Bringing the two together means doubling the programming available in each of the markets the new radio network serves, doubling the number of listeners it can reach and expanding the Catholic network’s fundraising base while increasing its appeal to advertisers.
It’s a win all around, said Father Francis “Rocky” Hoffman, executive director of Green Bay, Wisconsin-based Relevant Radio, which now provides 12 hours of original programming a day to stations concentrated in the Midwest and Northeast. Father Hoffman will continue to serve as executive director of the new company, with Immaculate Heart Media doing business as Relevant Radio.

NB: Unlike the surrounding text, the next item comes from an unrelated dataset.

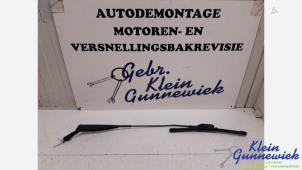 Gebrauchte Scheibenwischerarm vorne Fiat 500 Preis € 15,00 Margenregelung angeboten von Klein Gunnewiek Autodemontage & Motorentechniek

That means that people in California will be able to tune into “The Drew Mariani Show” and “Word on Fire” and people in Chicago and New York can listen to “The Patrick Madrid Show” and “St. Joseph’s Workshop.”
However, given local preferences and schedules, every station will not broadcast every show. Rather, the network will try to meet local needs while making all programming available online.

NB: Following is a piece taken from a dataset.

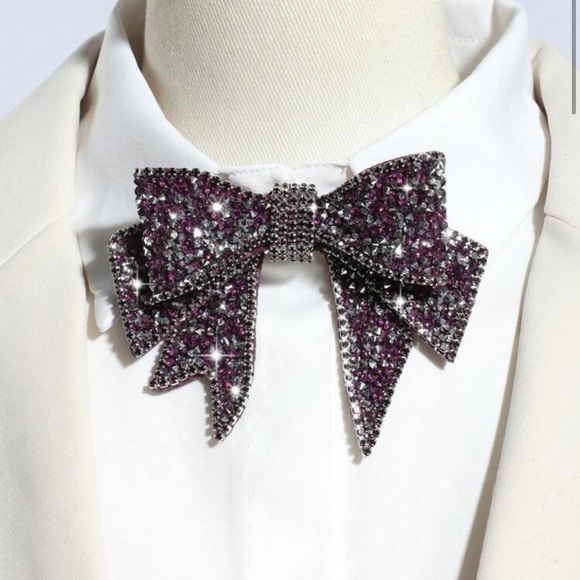 A+ Boutique Accessories - 🎀 Bow Tie Pin 🎀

“If (Relevant Radio) provides 12 hours of programming a day to 60 million people, and Immaculate Heart Radio provides 12 hours a day of original programming to 60 million people, together we can provide 24 hours of programming to 120 million people,” Father Hoffman said.
The new network is actually estimated to reach 136 million people in 36 states.

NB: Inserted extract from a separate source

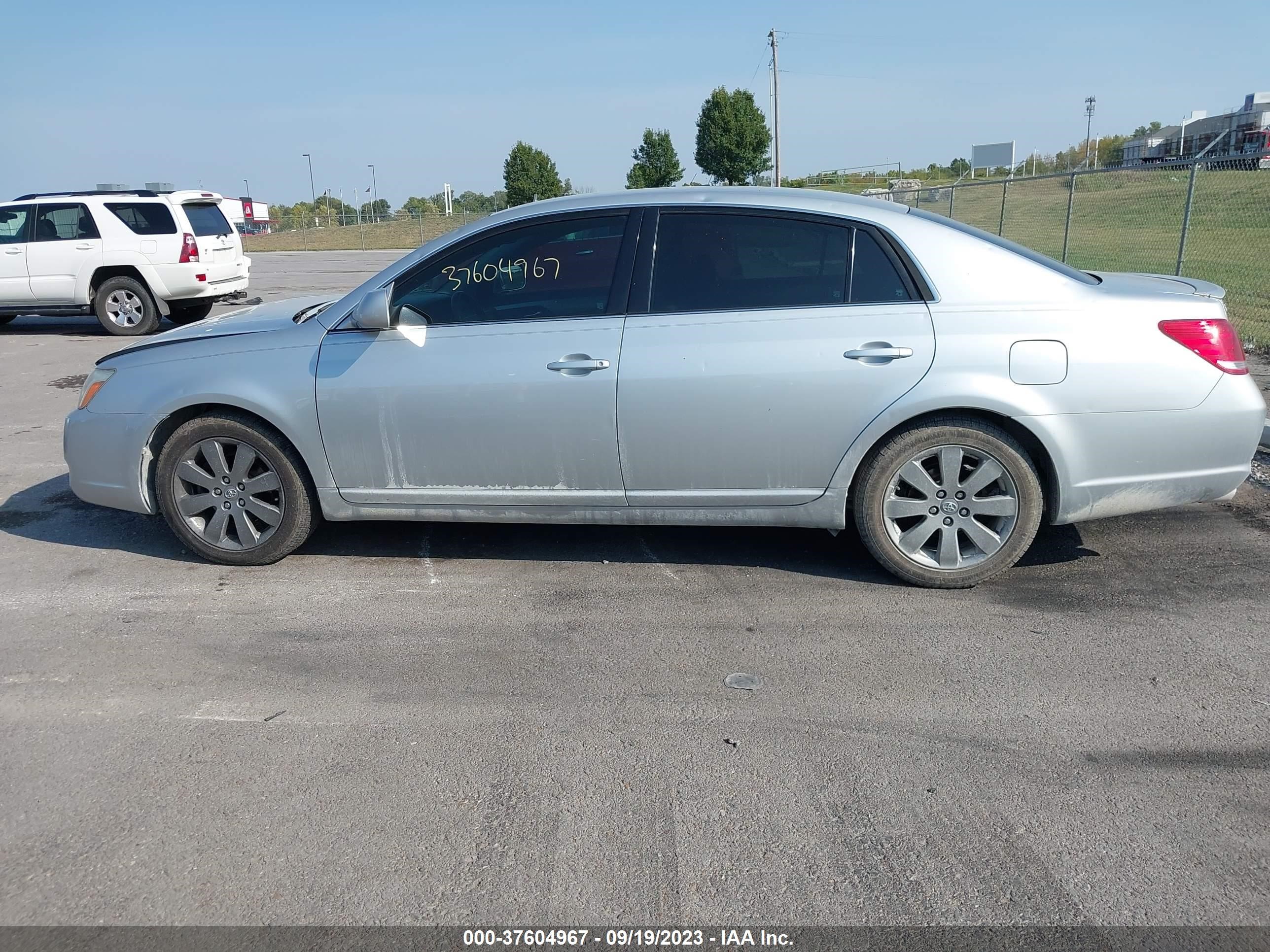 Photo 13 VIN: 4T1BK36B07U202803 - TOYOTA AVALON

“It unites two very good organizations and creates a national entity with coast-to-coast reach,” said Doug Sherman, president of Immaculate Heart Radio. Sherman will continue as president of the new network. “It will enable us to create the best programming. It really solidifies our apostolate well into the future.”
That is the main thing, said Green Bay Bishop David L. Ricken.
“As a member of the Board of Relevant Radio and as the bishop of Green Bay, I am deeply grateful for the merger between the wonderful Immaculate Heart Radio and Relevant Radio, that will increase the capacity to proclaim the Good News of the Gospel from a very dynamic Catholic platform that intersects with so many more people’s lives,” Bishop Ricken said in a statement. “The treasury of the Catholic way of living our relationship with Jesus Christ and serving the mission of the Gospel will be enriched by this joining and reach so many more people.”
The merger allows the new network to tap into supporters across the country. The new network has raised $22 million in donations to underwrite its work already; it plans to apply for permission to merge from the Federal Communications Commission once it reaches its $30 million fundraising goal.
Listeners will not see any immediate changes in the stations, Father Hoffman said, because receiving that permission can take months. Once that happens, it will take another several months at least to bring the two networks’ operations together, which means doing everything from merging databases to synchronizing the station clocks.
Immaculate Heart Radio, based in Loomis, California, has stations concentrated in the Southwest. There is no overlap in the markets between the stations owned and operated by the two networks, and there are no plans to close any of their stations.
The programming from both networks will continue to be available in the form of podcasts or by live-streaming broadcasts over the Internet. The programming from the new network will continue to be available in those formats, although websites and mobile apps could be consolidated in the future.
If anything, the merger could make it easier for the network to expand by giving it access to a more secure funding stream if radio licenses become available in markets it would like to serve.
“We’ve both been somewhat regional networks,” Sherman said. “This gives us a national presence.”
“This opens us up to national advertisers,” Father Hoffman said. “And there are economies of scale that make it much more efficient.”
Because of the nature of the networks, their unification is more the marriage of peers than the combining of competitors.
Indeed, the two networks never have seen one another as rivals, Sherman said. “It’s an effort of collaboration in the work of bringing souls to Christ.”
“As in any marriage, we will gain so much, and in the end it is our fervent hope that many more souls are helped to deepen their relationship with Jesus Christ,” Father Hoffman said. “We are very enthused with this union and so much of the credit goes to our associates, volunteers and benefactors. They are unbelievably hard-working, talented and committed to the mission.”
Michelle Martin writes from Illinois.